Employees considering a new job, a promotion or even a severance agreement often find themselves facing a conundrum: Should they sign a noncompete agreement? These agreements are commonplace in various industries and lines of work. And they’re not limited to executives, salespeople and other high-ranking employees with specialized knowledge. Employees (and prospective employees) at any level may feel pressured to sign them.
However, given the important rights you may be giving up, you should only do so after careful thought – and consultation with an independent employment attorney.
Understanding what they are
Noncompetes are a type of contract that restricts your ability to earn a living in your chosen line of work. They operate as a restraint on trade, meaning they limit employees’ freedom to do business and, to some extent, undermine the foundations of a free-market economy. By their very nature, they restrict competition. As a result, noncompetes typically aren’t enforceable unless they adhere to strict legal requirements.
The reasonableness requirement
While the specifics vary from state to state, the overarching standard is reasonableness. Noncompete agreements must be reasonable in:
- Geographic reach: They must be limited to a specific radius or sales territory. In either case, the geographic scope must be reasonably narrow and well-defined.
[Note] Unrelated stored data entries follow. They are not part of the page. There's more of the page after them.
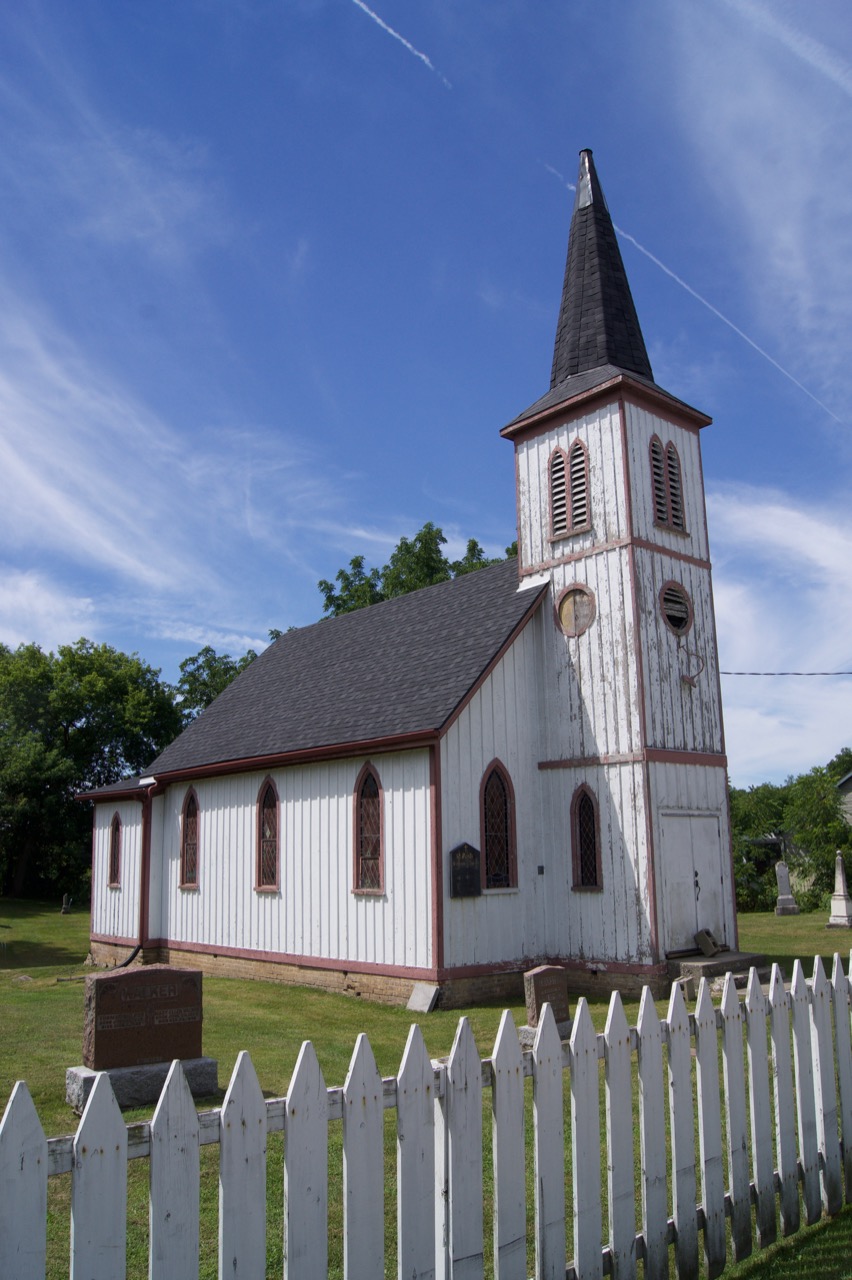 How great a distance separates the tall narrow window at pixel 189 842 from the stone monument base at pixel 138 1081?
13.5 metres

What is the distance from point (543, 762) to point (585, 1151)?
1339 centimetres

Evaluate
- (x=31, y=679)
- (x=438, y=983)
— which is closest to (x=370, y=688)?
(x=438, y=983)

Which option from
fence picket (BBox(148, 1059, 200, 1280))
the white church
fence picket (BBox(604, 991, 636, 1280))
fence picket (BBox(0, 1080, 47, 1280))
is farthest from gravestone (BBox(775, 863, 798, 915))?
fence picket (BBox(0, 1080, 47, 1280))

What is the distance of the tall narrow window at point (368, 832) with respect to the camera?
17.1m

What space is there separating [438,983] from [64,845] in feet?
127

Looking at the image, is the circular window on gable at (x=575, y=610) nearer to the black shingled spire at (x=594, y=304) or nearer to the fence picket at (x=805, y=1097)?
the black shingled spire at (x=594, y=304)

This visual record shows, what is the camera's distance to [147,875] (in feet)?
78.4

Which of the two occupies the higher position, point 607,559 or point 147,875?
point 607,559

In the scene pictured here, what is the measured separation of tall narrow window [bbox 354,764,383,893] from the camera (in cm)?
1708

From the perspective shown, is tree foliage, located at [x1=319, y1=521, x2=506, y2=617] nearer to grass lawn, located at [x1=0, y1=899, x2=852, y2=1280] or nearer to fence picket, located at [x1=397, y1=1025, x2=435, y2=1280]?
grass lawn, located at [x1=0, y1=899, x2=852, y2=1280]

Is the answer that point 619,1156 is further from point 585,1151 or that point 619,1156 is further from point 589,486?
point 589,486

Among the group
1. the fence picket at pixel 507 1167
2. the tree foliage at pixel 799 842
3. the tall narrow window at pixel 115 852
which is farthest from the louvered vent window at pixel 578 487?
the tree foliage at pixel 799 842

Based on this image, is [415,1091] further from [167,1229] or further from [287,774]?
[287,774]

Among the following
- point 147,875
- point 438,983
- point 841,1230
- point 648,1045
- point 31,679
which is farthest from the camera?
point 31,679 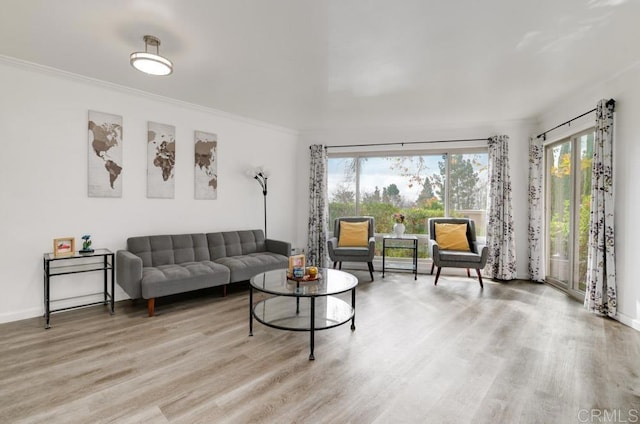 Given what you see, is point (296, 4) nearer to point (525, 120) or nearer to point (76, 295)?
point (76, 295)

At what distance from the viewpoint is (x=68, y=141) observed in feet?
11.0

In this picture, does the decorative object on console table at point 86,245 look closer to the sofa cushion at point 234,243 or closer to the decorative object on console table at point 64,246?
the decorative object on console table at point 64,246

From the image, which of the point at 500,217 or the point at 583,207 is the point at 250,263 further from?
the point at 583,207

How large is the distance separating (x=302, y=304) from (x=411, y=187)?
3.24 m

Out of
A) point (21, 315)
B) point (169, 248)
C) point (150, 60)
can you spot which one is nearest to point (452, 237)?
point (169, 248)

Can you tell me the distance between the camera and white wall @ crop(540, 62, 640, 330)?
3021 mm

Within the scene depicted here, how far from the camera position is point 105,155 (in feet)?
11.9

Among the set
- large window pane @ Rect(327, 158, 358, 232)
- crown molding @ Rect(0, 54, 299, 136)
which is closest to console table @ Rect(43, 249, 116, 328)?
crown molding @ Rect(0, 54, 299, 136)

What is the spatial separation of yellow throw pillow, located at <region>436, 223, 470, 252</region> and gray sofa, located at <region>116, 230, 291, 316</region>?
238 centimetres

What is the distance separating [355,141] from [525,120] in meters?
2.73

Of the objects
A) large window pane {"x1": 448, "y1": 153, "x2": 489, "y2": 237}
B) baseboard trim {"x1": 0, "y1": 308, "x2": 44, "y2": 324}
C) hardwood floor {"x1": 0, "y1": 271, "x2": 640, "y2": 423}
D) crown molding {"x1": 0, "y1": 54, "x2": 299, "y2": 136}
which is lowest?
hardwood floor {"x1": 0, "y1": 271, "x2": 640, "y2": 423}

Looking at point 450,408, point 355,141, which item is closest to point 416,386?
point 450,408

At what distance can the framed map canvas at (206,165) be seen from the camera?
178 inches

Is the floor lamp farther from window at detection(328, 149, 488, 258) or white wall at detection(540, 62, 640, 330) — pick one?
white wall at detection(540, 62, 640, 330) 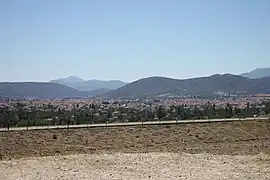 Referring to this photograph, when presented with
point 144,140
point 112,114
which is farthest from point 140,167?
point 112,114

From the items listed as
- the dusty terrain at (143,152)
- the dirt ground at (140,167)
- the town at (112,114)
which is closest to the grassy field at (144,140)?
the dusty terrain at (143,152)

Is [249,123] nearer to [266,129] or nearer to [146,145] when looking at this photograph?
[266,129]

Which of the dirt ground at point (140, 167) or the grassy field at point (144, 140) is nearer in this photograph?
the dirt ground at point (140, 167)

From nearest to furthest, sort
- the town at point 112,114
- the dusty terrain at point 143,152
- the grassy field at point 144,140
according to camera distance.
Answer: the dusty terrain at point 143,152, the grassy field at point 144,140, the town at point 112,114

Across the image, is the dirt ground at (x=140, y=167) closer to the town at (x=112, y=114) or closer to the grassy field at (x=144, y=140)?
the grassy field at (x=144, y=140)

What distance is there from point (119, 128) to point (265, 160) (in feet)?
51.7

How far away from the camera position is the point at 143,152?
2820 centimetres

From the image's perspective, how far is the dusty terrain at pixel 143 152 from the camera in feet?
64.2

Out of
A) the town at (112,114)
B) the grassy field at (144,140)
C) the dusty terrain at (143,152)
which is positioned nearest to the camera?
the dusty terrain at (143,152)

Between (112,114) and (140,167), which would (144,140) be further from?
(112,114)

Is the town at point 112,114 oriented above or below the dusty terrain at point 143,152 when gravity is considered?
above

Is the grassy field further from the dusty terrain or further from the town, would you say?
the town

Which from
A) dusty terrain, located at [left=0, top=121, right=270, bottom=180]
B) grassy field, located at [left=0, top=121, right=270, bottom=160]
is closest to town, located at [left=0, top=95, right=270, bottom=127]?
grassy field, located at [left=0, top=121, right=270, bottom=160]

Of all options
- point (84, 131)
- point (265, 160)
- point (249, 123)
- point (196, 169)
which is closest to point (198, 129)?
point (249, 123)
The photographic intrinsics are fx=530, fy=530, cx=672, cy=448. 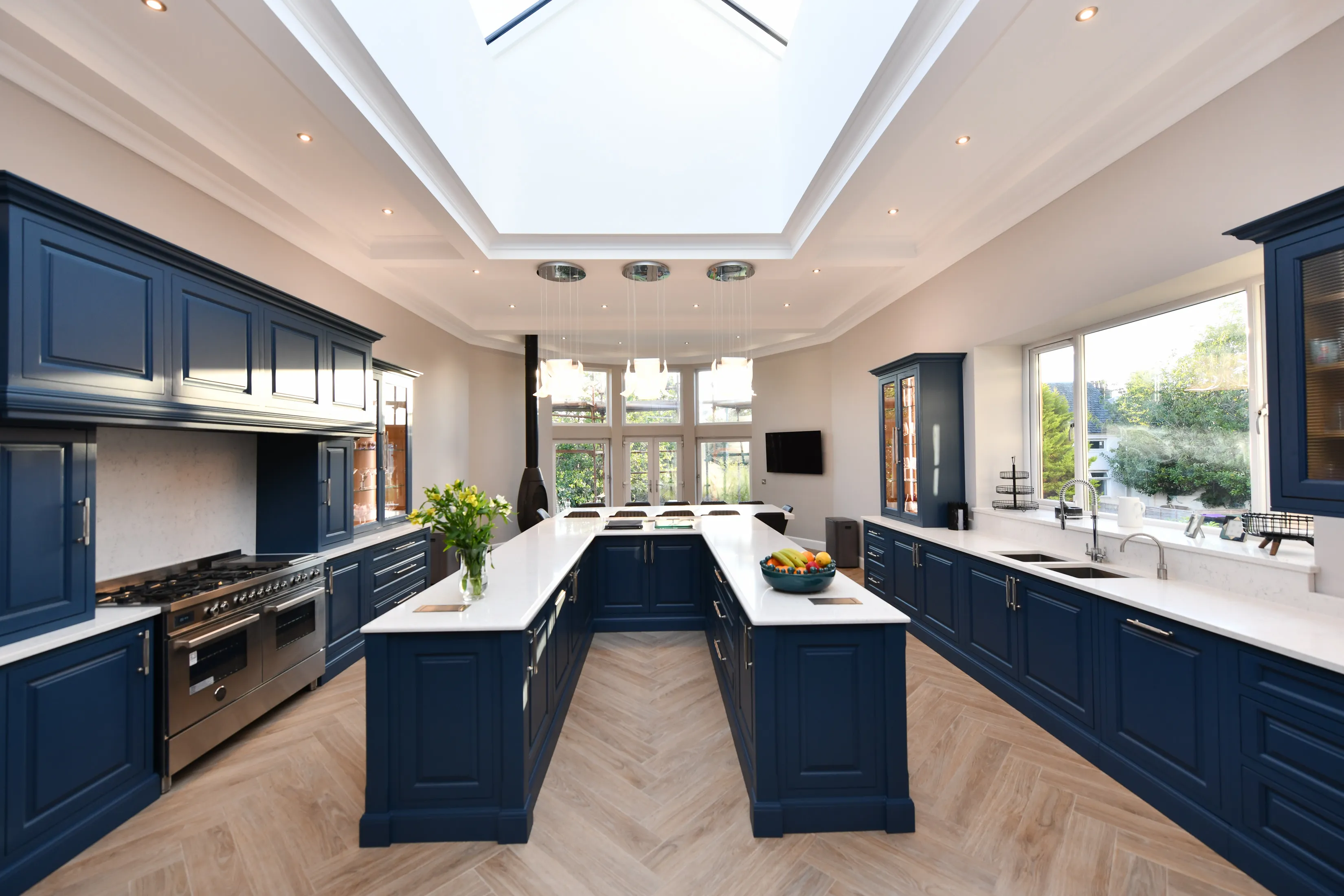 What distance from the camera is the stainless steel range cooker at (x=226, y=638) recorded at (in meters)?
2.53

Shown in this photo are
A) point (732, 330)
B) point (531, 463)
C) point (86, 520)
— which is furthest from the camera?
point (531, 463)

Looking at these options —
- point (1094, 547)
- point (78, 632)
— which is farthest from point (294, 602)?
point (1094, 547)

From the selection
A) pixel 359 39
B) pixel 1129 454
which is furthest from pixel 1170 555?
pixel 359 39

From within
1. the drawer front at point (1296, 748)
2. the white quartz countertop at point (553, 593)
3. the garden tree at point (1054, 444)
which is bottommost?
the drawer front at point (1296, 748)

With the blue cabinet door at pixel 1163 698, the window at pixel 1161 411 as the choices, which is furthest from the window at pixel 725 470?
the blue cabinet door at pixel 1163 698

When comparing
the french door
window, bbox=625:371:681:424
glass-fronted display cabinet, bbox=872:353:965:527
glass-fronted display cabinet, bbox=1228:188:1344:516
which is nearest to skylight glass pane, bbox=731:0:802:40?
glass-fronted display cabinet, bbox=872:353:965:527

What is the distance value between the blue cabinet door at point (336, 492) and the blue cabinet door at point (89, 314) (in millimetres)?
1484

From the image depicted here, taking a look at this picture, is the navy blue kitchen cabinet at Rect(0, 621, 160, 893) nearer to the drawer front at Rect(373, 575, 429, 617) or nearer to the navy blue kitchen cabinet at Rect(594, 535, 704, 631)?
the drawer front at Rect(373, 575, 429, 617)

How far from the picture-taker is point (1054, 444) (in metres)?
4.15

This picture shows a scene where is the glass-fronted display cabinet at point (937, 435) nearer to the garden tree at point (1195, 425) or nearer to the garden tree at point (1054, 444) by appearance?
the garden tree at point (1054, 444)

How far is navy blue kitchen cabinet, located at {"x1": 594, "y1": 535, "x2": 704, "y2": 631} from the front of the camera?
15.5 ft

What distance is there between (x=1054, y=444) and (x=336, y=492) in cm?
551

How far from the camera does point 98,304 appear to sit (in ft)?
7.15

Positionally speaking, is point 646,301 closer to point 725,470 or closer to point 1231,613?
point 725,470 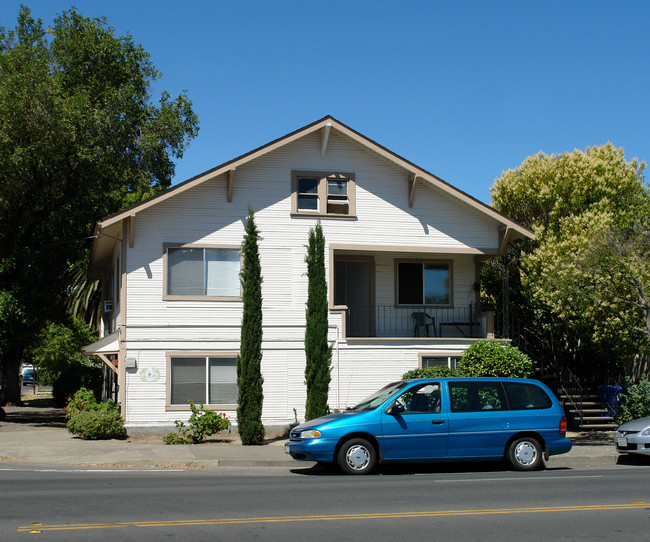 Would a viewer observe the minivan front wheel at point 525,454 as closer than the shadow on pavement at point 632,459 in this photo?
Yes

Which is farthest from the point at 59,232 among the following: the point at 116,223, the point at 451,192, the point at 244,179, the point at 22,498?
the point at 22,498

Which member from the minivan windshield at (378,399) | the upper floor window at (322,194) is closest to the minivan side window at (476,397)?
the minivan windshield at (378,399)

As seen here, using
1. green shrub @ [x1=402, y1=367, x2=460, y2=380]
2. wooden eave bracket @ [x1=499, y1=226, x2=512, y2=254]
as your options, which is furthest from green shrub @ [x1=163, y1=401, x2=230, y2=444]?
wooden eave bracket @ [x1=499, y1=226, x2=512, y2=254]

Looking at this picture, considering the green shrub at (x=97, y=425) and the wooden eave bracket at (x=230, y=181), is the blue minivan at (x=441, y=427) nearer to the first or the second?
the green shrub at (x=97, y=425)

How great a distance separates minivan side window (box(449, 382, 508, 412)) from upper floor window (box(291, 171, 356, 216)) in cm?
869

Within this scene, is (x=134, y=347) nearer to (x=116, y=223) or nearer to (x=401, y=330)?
(x=116, y=223)

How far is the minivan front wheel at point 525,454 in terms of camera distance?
13898 millimetres

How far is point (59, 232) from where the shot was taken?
2580 cm

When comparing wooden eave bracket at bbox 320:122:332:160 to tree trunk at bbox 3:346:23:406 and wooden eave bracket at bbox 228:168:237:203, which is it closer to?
wooden eave bracket at bbox 228:168:237:203

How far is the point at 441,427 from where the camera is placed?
13.5 m

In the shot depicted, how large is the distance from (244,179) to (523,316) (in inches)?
405

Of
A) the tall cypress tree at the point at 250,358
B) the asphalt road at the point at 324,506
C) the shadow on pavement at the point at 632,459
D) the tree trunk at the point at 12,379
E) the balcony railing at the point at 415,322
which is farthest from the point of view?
the tree trunk at the point at 12,379

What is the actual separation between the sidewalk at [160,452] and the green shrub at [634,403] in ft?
3.46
- Duration: Noncompete agreements can’t be perpetual. There must be a reasonable end date for lifting the restrictions. Some states set a hard limit – for example, five years – but even then, the duration must be reasonable with regard to each contract.
- Type of work: No agreement can completely prevent you from earning a living. It must be tailored to your industry and line of work.
Each of these elements depends on the nature of the work, the industry and the specifics of the situation. What’s reasonable in one circumstance might not be reasonable in another.
Some states impose further restrictions. Under Illinois’ Freedom to Work Act, for example, noncompetes aren’t enforceable for low-wage workers. Additionally, noncompete agreements aren’t allowed in certain lines of work.
Because noncompetes are so case-specific, it’s important to talk to a lawyer about your situation and how it fits into the legal framework in your state.